I also took his prodigious matchbook collection and the metal trash can with university flags emblazoned on it. I took his striped silk tallis from Jerusalem, yellowing at the edges, but folded neatly inside its royal blue velvet pouch.

Like most people, we have too much stuff. We’re constantly trying to pare down and losing the battle. Unused items seem to regenerate as we sleep. All of the things I saved from my father’s house are now clustered in a corner of our garage. Will I one day digitize the stacks of old photos, sort them on Flickr, and share with relatives I never talk to? Will I remember to unearth the tallis and drape it over my shoulders during the high holidays? Will I protect the yearbooks and matchbooks from the sun that streams in through our garage window so they don’t fade? Will my children one day be faced with the grim task of sorting through all of this again?

I think a lot about what we choose to keep and what we leave behind. We are living in a moment obsessed with tidying up — of holding one’s possessions up to one’s heart and chucking them if they fail to bring an effulgence of joy. But what about the stuff you keep because it filled someone else with joy? Heidi Julavits wrote so beautifully about her love of clutter, I tore it out and made my husband read it to curb his very healthy appetite for purging all our excess stuff. Yes, clutter can be distracting. It impedes movement and breeds entropy and no one would deny that there’s a glut of cheap Chinese stuff I’ve bought at Target because it brought an instant feeling of relief, filling some empty corner in my heart.

But is the stuff we keep the real evil in our midst or, as Pamela Druckerman smartly writes, is it “the ceaseless ticker of other people’s lives on Facebook; the heightened demands of parenting; and the suspicion that we’ll be checking our phones every 15 minutes, forever. I can sit in an empty room, and still get nothing done.”

My father used to read three newspapers a day. He was an engineer by training, but omnivorous in his interests. He hardly needed that block of encyclopedias on his shelf — I could ask him anything. But where did all of that intellectual clutter go when he lost his mind and could hardly put a sentence together? When someone dies, does their knowledge flow out? The neurons exhaling a garble of information, like the slender or blunt laminar wakes he wrote about? Does it get reabsorbed by the universe’s vibrating harp of strings, or just go cold underground?

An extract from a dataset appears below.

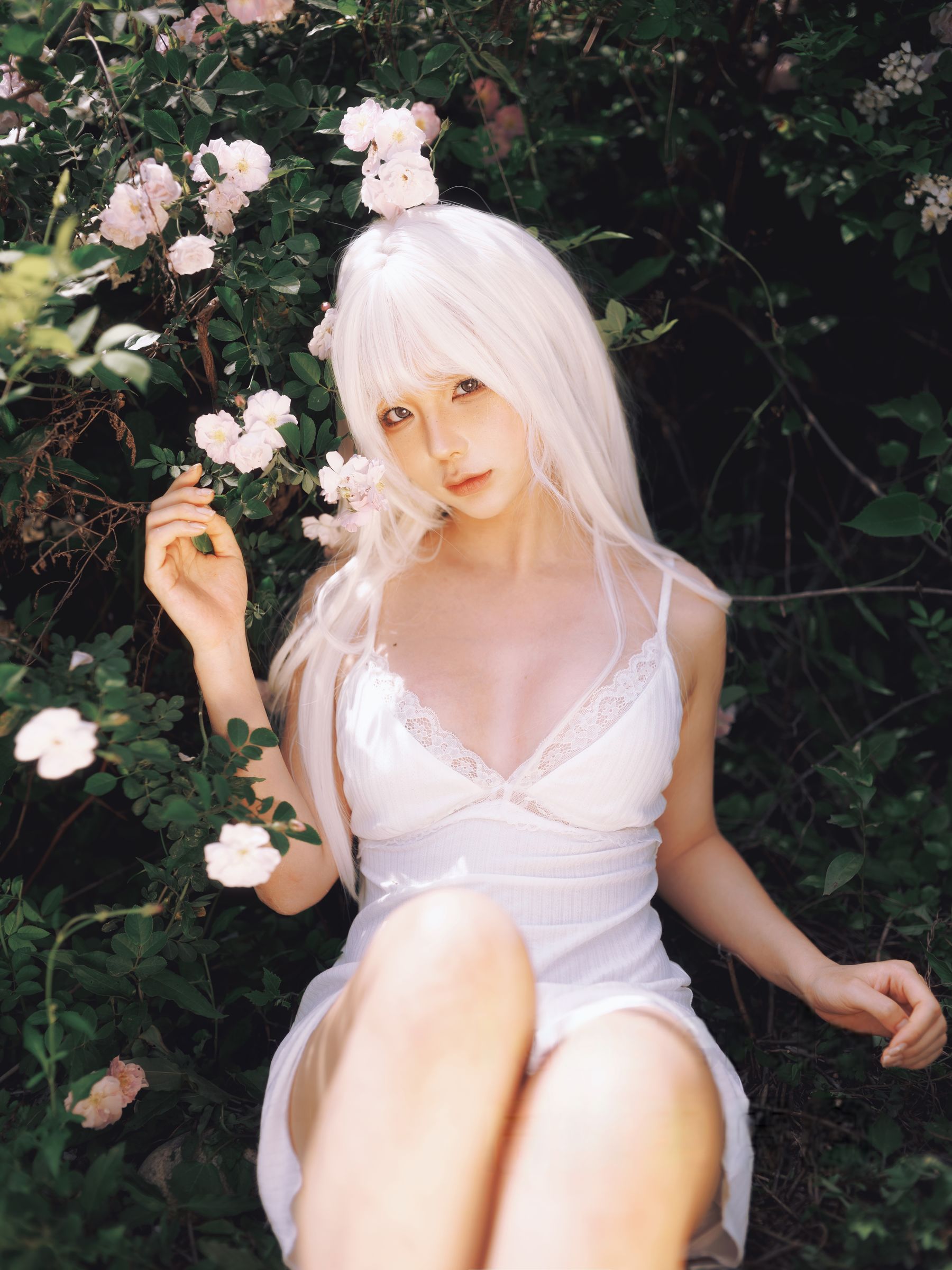 动漫博主蠢沫沫 - 绳 白发/(16P)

Graduating from high school at 16, my father headed north to Cornell, but was so homesick after the first semester he came back home to Brooklyn.

On Father’s Day, I mourn not just the loss of him, but of his knowledge, too. And though that doesn’t stop me from reading or working or accumulating, I do wonder if any of it matters when we can’t keep it in the end. But when I’m away from home — all of its tasks and clutter — and have a few hours to write, I always return to him.

And maybe that’s the point: It’s not what you leave behind, but who comes back to find you.